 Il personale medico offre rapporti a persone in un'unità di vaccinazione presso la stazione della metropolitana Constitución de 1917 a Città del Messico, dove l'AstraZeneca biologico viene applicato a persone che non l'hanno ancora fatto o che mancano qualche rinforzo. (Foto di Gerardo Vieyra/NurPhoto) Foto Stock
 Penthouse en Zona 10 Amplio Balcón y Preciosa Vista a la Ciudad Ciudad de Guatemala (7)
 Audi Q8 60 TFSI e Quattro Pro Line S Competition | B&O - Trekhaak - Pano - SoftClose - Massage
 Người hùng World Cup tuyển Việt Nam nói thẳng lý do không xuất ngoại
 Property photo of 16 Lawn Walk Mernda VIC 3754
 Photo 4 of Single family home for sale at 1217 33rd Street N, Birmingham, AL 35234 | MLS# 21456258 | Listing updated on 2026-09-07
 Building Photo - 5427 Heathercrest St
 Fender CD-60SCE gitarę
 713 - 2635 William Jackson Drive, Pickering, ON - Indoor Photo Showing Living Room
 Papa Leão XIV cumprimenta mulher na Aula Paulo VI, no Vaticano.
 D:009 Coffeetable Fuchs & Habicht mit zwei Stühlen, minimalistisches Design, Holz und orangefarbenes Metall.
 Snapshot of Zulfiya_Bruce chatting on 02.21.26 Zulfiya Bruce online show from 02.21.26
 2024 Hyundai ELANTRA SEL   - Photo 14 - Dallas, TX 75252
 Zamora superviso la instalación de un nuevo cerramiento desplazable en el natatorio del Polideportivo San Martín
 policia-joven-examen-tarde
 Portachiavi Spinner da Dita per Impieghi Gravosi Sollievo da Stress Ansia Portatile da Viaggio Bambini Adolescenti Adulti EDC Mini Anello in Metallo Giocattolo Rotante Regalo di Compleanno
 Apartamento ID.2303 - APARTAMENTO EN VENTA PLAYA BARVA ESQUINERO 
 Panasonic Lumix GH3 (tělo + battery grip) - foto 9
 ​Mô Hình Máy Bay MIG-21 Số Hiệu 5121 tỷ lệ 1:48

-- Task to carry out --
Every entry above should come back exactly as written.

-- Answer to the problem --
 Il personale medico offre rapporti a persone in un'unità di vaccinazione presso la stazione della metropolitana Constitución de 1917 a Città del Messico, dove l'AstraZeneca biologico viene applicato a persone che non l'hanno ancora fatto o che mancano qualche rinforzo. (Foto di Gerardo Vieyra/NurPhoto) Foto Stock
 Penthouse en Zona 10 Amplio Balcón y Preciosa Vista a la Ciudad Ciudad de Guatemala (7)
 Audi Q8 60 TFSI e Quattro Pro Line S Competition | B&O - Trekhaak - Pano - SoftClose - Massage
 Người hùng World Cup tuyển Việt Nam nói thẳng lý do không xuất ngoại
 Property photo of 16 Lawn Walk Mernda VIC 3754
 Photo 4 of Single family home for sale at 1217 33rd Street N, Birmingham, AL 35234 | MLS# 21456258 | Listing updated on 2026-09-07
 Building Photo - 5427 Heathercrest St
 Fender CD-60SCE gitarę
 713 - 2635 William Jackson Drive, Pickering, ON - Indoor Photo Showing Living Room
 Papa Leão XIV cumprimenta mulher na Aula Paulo VI, no Vaticano.
 D:009 Coffeetable Fuchs & Habicht mit zwei Stühlen, minimalistisches Design, Holz und orangefarbenes Metall.
 Snapshot of Zulfiya_Bruce chatting on 02.21.26 Zulfiya Bruce online show from 02.21.26
 2024 Hyundai ELANTRA SEL   - Photo 14 - Dallas, TX 75252
 Zamora superviso la instalación de un nuevo cerramiento desplazable en el natatorio del Polideportivo San Martín
 policia-joven-examen-tarde
 Portachiavi Spinner da Dita per Impieghi Gravosi Sollievo da Stress Ansia Portatile da Viaggio Bambini Adolescenti Adulti EDC Mini Anello in Metallo Giocattolo Rotante Regalo di Compleanno
 Apartamento ID.2303 - APARTAMENTO EN VENTA PLAYA BARVA ESQUINERO 
 Panasonic Lumix GH3 (tělo + battery grip) - foto 9
 ​Mô Hình Máy Bay MIG-21 Số Hiệu 5121 tỷ lệ 1:48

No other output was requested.